Die alpinen Landschaften sowie ihre Abgründe und (Gletscher‑)Spalten, die Schnee Weiß im intertextuellen Rückgriff auf Tragödie und Satyrspiel entwirft, evozieren einen spezifischen Gestus der (An‑)Klage, der Jelineks Texten grundsätzlich immanent ist. »Berge sind bei Elfriede Jelinek stets Leichenberge«, hat Wolfgang Straub angemerkt.47 Sie verweisen auf die Hybris des Menschen und gemahnen an die Verdrängung der Verantwortung für den Genozid an Jüdinnen und Juden im Kontext des Nationalsozialismus.

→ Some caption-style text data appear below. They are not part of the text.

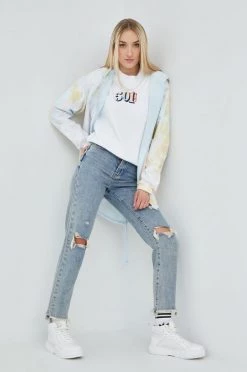 Γυναικεία Μακριά μπουφάν Μπουφάν δυο όψεων Vans πολύχρωμο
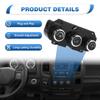 A/C Heater Climate Control Pannel Module Switch 24 P for Dodge Ram 1500/1500 Classic /3500 P68226600AA  655-02720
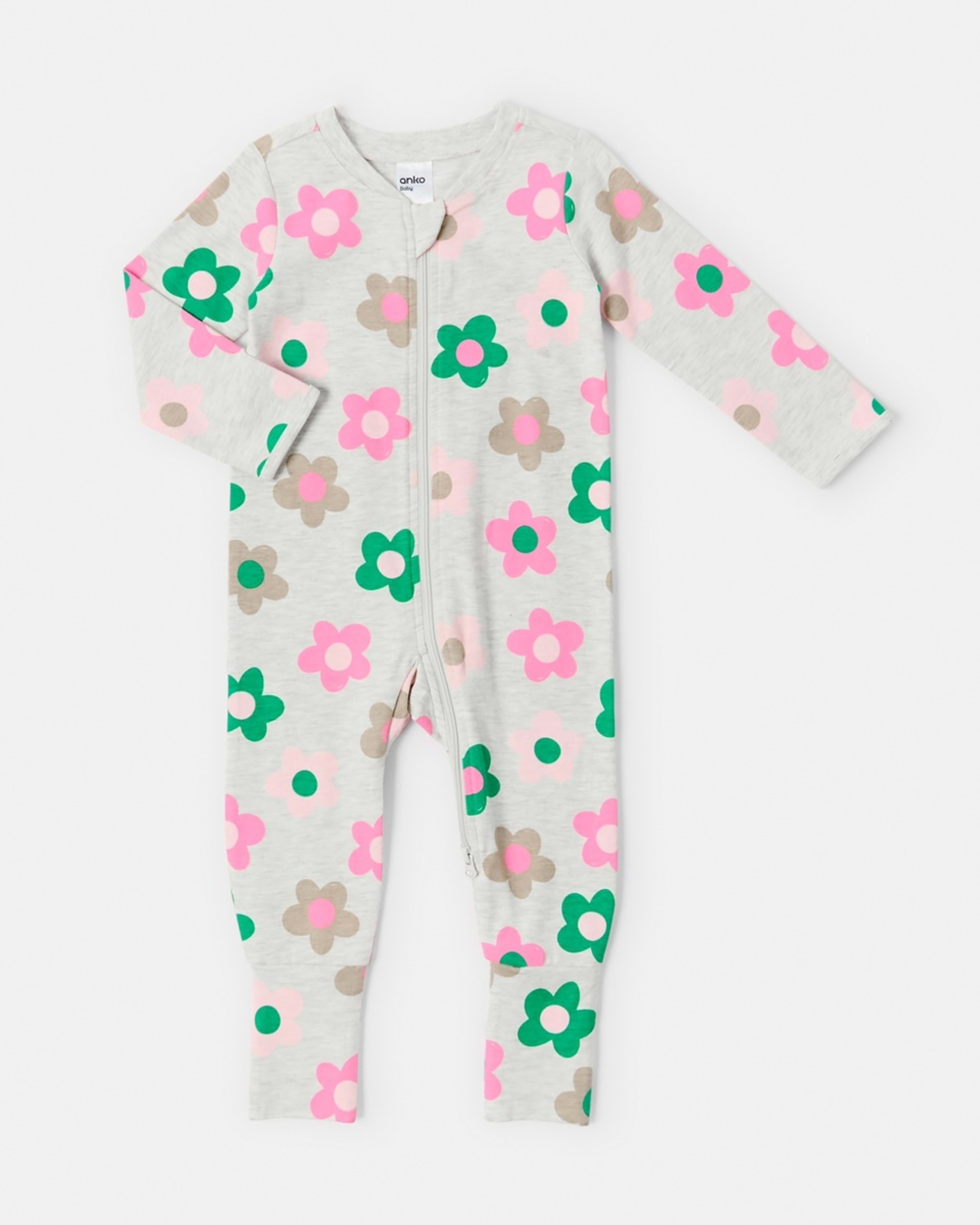 1 Turn Cuff Coverall Bold Flrl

Besonders eindrücklich zeigt sich dieses politisch‐poetologische Verfahren in In den Alpen (2002). Dieser Theatertext entstand als Antwort auf die größte menschengemachte Misere, die sich in Österreich nach dem Zweiten Weltkrieg ereignet hat – das Seilbahnunglück von Kaprun. Auslöser dieser Katastrophe, bei der 155 Menschen ums Leben kamen, war ein für Fahrzeuge nicht zugelassener Heizlüfter, der in den Führerstand der Kabine eingebaut worden war und dort Feuer fing. Die Kaminwirkung im Tunnel fachte den Brand weiter an und verbreitete die giftigen Rauchgase in Windeseile. Der Umstand, dass die Kabine über keine aus dem Inneren zu öffnenden Notausgänge verfügte, trug zum verheerenden Verlauf des Unglücks bei. Diese Kausalkette war Gegenstand eines Strafprozesses, bei dem 16 Beschuldigte – darunter auch die Geschäftsführung der Gletscherbahnen Kaprun AG – vorgeladen waren. Die Anklage lautete auf fahrlässiges Herbeiführen einer Feuersbrunst und auf fahrlässige Gemeingefährdung.48 Zur Empörung der hinterbliebenen Angehörigen aber wurden alle Angeklagten freigesprochen.

Ausgehend von diesem Unglück entlarvt Jelineks Theatertext In den Alpen die vermeintliche Beherrschbarkeit der Natur durch die Technik als Akt menschlicher Hybris und porträtiert die katastrophalen Auswirkungen, die die Vermarktung der österreichischen Berge durch Skisport und ‑tourismus mit sich bringt. Dabei dekonstruiert die Autorin den als Motor dieser Profitmaximierung fungierenden Mythos des frühen Alpinismus als Exklusionsmaschinerie. Die Erschließung der Alpen, so betont Jelinek am Beispiel der Alpenüberquerung Hannibals, sei von jeher hauptsächlich eine Geschichte des Ausschlusses, die vor allem die Jüdinnen und Juden betreffe: »Die Geschichte des Alpinismus seit dessen Beginn ist eine Geschichte auch des Antisemitismus. Juden wurden aus allen Sektionen des Alpenvereins und der Wandervogelbewegung schon sehr früh, Anfang der zwanziger Jahre, ausgeschlossen und mußten ihre eigene Sektion (›Donauland‹) gründen.«49 Vor diesem Hintergrund erschließen sich die Bezüge auf die beiden zentralen Intertexte, auf denen In den Alpen aufbaut: Paul Celans Gespräch im Gebirg (1959) und Leo Maduschkas Junger Mensch im Gebirg (1936).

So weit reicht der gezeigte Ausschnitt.